▶ [ASSIGNMENT] If a line below holds the word "Premium", count it; then say how many such lines there are and nothing else.

- Opening Delimiter -

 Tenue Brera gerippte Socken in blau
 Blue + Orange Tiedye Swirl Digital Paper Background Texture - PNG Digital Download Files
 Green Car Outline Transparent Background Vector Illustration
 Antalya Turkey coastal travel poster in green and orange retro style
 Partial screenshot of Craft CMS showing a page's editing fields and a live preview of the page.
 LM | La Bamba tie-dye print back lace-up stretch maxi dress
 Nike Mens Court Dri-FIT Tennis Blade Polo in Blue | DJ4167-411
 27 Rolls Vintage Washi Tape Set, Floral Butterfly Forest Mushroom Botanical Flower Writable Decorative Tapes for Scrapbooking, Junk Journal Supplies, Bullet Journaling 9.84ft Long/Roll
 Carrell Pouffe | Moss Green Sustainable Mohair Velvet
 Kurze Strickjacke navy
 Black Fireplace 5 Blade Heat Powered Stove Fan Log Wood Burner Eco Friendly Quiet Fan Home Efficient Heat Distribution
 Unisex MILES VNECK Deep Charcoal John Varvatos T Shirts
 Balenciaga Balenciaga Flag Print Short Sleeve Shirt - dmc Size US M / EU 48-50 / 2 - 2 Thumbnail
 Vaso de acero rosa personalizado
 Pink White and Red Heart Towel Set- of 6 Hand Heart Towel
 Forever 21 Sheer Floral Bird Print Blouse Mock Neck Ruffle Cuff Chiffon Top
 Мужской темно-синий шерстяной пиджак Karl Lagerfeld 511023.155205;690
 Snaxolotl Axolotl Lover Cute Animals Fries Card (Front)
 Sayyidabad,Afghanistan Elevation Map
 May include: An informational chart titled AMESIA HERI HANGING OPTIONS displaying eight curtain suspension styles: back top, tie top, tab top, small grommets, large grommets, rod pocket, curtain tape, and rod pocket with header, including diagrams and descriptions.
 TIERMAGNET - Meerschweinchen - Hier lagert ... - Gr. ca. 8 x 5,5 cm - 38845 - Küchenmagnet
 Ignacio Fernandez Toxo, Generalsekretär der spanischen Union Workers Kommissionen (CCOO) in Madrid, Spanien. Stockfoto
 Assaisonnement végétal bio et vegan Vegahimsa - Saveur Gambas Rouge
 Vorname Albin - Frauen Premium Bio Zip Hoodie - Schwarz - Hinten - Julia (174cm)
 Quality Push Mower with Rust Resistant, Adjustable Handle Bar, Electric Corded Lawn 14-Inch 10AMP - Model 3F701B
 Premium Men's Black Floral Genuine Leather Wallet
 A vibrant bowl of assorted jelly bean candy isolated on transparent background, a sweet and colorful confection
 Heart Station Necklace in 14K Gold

- Closing Delimiter -

▶ [ANSWER AREA] 2